ただし、ADP統計の方が企業の実態に即しているケースも少なくありません。そうした際は政府統計に修正が加えられ、再び市場は振れ回ることになります。
新規失業保険申請件数
週次の新規申請件数
米労働省が毎週木曜日に発表するこの指標は、失業の最新動向をいち早く把握できる指標として、FX市場で高い注目を集めています。前週の新規失業保険申請件数(季節調整済み)を示すこの統計は、雇用情勢の現状に一番近い数字とも言えます。
申請件数が増えれば、企業の人員削減が進んでいる可能性が高まります。大幅な件数の増加が続けば、景気後退のリスクを反映して、通常は米ドル売り材料と解釈されます。逆に減少が続けば、雇用環境の改善が期待できるため、ドル高要因にもなり得ます。
ただし、この統計は週次で発表されるため、一時的な変動は避けられません。そのため、単発の結果だけでなく、トレンドを意識することが重要です。
また、他の雇用統計と方向性が異なる場合もあり、総合的に判断する必要があります。
消費者物価指数(CPI)
コア CPIとヘッドライン CPI
米労働省が毎月中旬に発表するCPIは、消費者が実際に支払う価格の変動を測る指標です。FX市場では、インフレ率の重要な尺度として熱い注目を浴びています。CPIにはコアCPIとヘッドラインCPIの2種類があり、それぞれ大きな意味合いが異なります。

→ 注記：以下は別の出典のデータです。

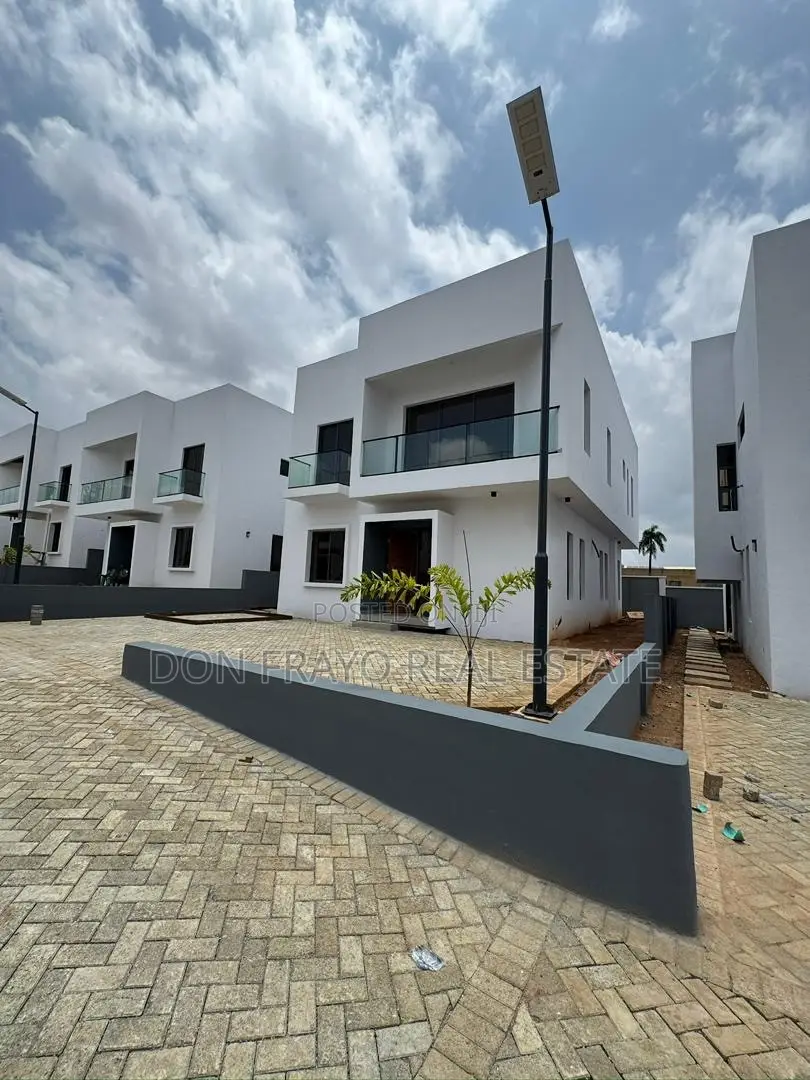 4bdrm Duplex in Rotimi Williams for sale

ヘッドラインCPIはエネルギーと食品価格を含む総合CPI指数です。一方、コアCPIはエネルギーと食品を除いた指数であり、より基礎的なインフレ動向を示す指標と位置付けられています。
市場はコアCPIの方により注目しますが、ヘッドラインCPIも重要性を無視できません。なぜなら、エネルギーや食料価格の値上がりは、コア指数にも遅れて反映されるためです。つまり、ヘッドラインCPIの大幅な上昇は、将来のコアCPI上振れを示唆しているわけです。

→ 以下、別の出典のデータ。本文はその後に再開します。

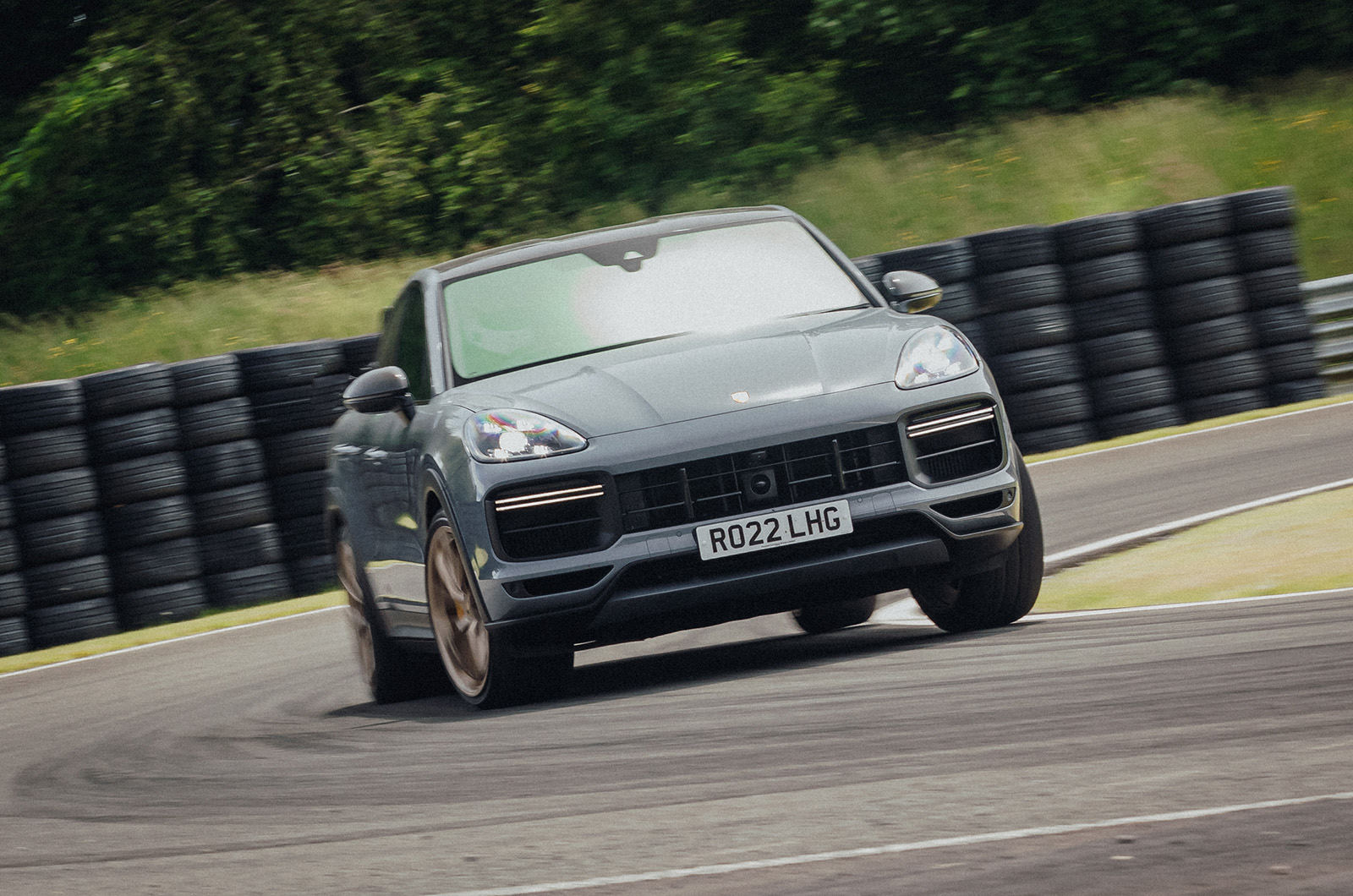 3 Porsche Cayenne Turbo GT frontcorner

また、CPIが市場予想を上回れば、FRBの利上げ期待が高まるため通常は米ドル買い材料と解釈されます。逆に予想を下回れば、ドル売り向きになると考えられています。
国内総生産(GDP)
実質GDP成長率
米商務省が四半期ごとに発表するGDPは、国内で生産されたすべての最終財・サービスの付加価値額の合計値です。実質GDP成長率は、インフレ調整済みの実質ベースでGDPがどれだけ拡大・縮小したかを示す最も重要な景気指標と言えます。
プラスの成長率は景気拡大を意味し、マイナスの成長率は景気後退の可能性を示唆します。市場予想と乖離が大きければ大きいほど、為替相場の変動は大きくなる傾向にあります。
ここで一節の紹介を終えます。